By the way, If you haven’t check out my other articles on Behavioural Design Patterns, then here is the list:

  1. Chain of responsibility
  2. Command
  3. Interpreter
  4. Iterator
  5. Mediator
  6. Memento
  7. Observer
  8. State
  9. Strategy
  10. Template Method
  11. Visitor

The code snippets you see throughout this series of articles are simplified not sophisticated. So you often see me not using keywords like override, final, public(while inheritance) just to make code compact & consumable(most of the time) in single standard screen size. I also prefer struct instead of class just to save line by not writing “public:” sometimes and also miss virtual destructor, constructor, copy constructor, prefix std::, deleting dynamic memory, intentionally.
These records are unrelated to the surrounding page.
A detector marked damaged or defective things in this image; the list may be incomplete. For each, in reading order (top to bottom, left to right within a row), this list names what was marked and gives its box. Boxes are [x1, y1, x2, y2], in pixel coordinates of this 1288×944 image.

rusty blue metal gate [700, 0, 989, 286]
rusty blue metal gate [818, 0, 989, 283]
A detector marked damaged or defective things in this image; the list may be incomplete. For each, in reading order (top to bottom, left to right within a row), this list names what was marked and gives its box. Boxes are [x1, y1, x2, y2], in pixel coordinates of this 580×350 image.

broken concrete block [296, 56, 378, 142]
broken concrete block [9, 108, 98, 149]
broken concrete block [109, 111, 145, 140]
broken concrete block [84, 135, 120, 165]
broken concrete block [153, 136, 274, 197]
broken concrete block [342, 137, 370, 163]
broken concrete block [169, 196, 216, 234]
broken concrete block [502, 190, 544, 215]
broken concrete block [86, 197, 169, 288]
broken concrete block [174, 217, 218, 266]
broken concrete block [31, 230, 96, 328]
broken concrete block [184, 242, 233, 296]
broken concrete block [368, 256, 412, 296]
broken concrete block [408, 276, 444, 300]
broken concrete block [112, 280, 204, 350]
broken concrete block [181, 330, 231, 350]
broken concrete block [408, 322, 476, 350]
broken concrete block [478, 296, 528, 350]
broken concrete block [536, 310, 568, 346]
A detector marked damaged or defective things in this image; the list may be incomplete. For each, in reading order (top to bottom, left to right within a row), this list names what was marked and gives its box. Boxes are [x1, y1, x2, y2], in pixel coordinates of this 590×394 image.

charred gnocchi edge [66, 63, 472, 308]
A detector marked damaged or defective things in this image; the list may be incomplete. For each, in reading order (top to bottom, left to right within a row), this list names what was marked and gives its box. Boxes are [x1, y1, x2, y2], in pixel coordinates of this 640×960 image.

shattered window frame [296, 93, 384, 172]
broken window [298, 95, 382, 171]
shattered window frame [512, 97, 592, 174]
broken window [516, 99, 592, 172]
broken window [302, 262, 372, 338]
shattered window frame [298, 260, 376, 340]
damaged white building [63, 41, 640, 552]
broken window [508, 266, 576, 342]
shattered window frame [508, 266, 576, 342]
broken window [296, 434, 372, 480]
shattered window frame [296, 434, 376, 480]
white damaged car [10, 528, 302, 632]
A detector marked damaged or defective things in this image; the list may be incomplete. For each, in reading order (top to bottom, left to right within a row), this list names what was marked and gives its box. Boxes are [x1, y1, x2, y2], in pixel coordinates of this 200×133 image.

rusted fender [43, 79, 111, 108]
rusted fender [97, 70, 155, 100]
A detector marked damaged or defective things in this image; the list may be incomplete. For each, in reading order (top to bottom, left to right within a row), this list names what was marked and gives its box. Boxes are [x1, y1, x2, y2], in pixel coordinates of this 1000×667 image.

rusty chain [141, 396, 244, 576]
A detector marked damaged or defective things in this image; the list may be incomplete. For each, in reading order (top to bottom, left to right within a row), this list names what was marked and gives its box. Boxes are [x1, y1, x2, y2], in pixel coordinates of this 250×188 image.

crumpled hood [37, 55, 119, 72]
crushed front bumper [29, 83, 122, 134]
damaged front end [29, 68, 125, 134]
I also consider myself a pragmatic person who wants to convey an idea in the simplest way possible rather than the standard way or using Jargons.

Note:

  • If you stumbled here directly, then I would suggest you go through What is design pattern? first, even if it is trivial. I believe it will encourage you to explore more on this topic.
  • All of this code you encounter in this series of articles are compiled using C++20(though I have used Modern C++ features up to C++17 in most cases). So if you don’t have access to the latest compiler you can use https://wandbox.org/ which has preinstalled boost library as well.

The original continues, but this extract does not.